▶ [Data provided]
- - - - -
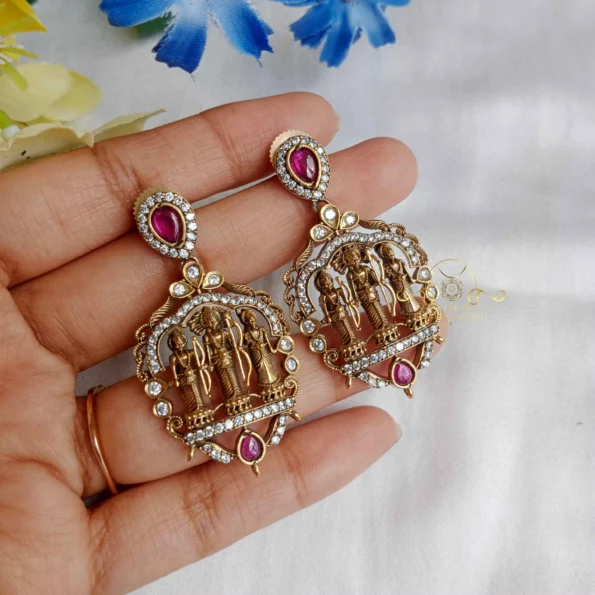 Ram Parivar Pendant Set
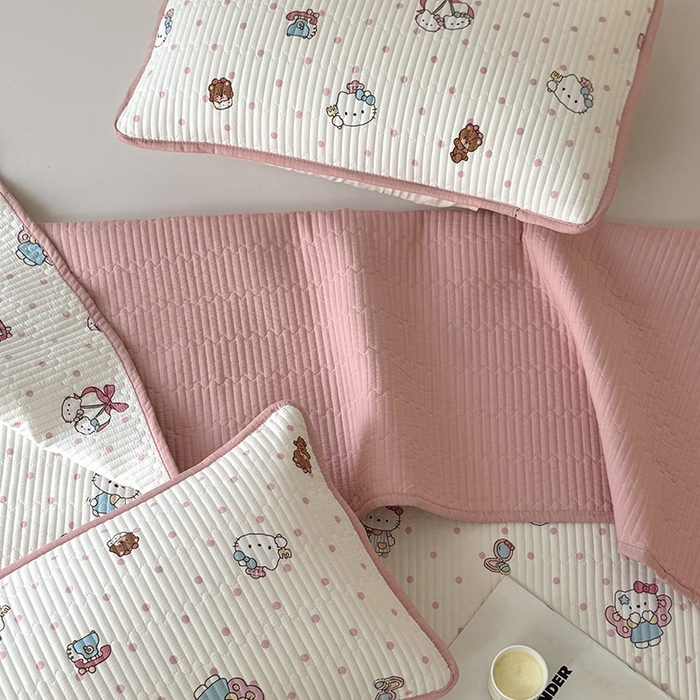 91家纺网 家纺一手货源 找家纺 卢赛尔 2026新款木棉床盖三件套四件套软床垫-四季款 KT乐园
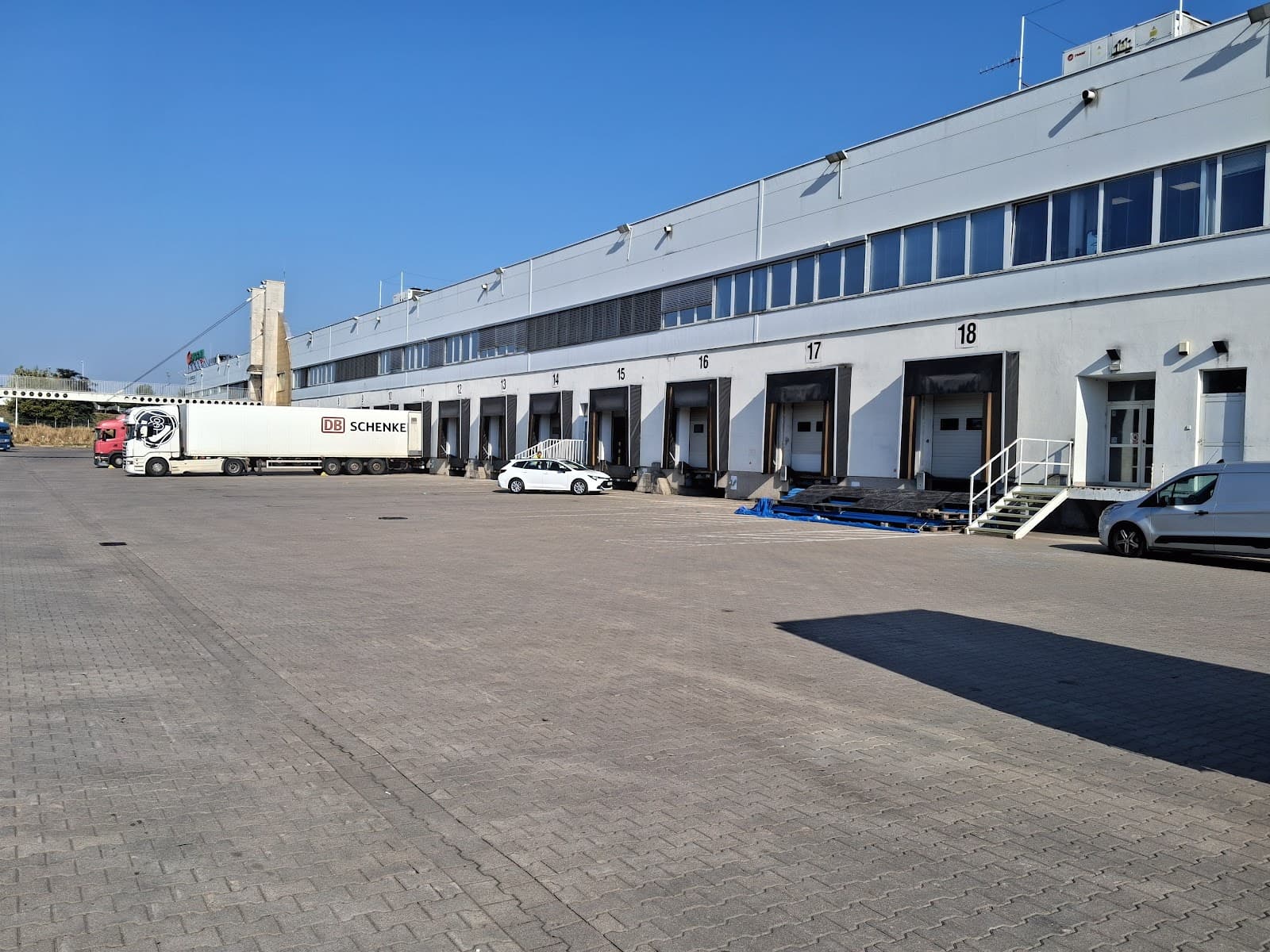 Eurocash Dystrybucja - Hurtownia Spożywcza, Siedziba Główna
- - - - -
▶ [What to produce] For this exercise, retype the listing above word for word and omit the pictures.

▶ [Result]
 Ram Parivar Pendant Set
 91家纺网 家纺一手货源 找家纺 卢赛尔 2026新款木棉床盖三件套四件套软床垫-四季款 KT乐园
 Eurocash Dystrybucja - Hurtownia Spożywcza, Siedziba Główna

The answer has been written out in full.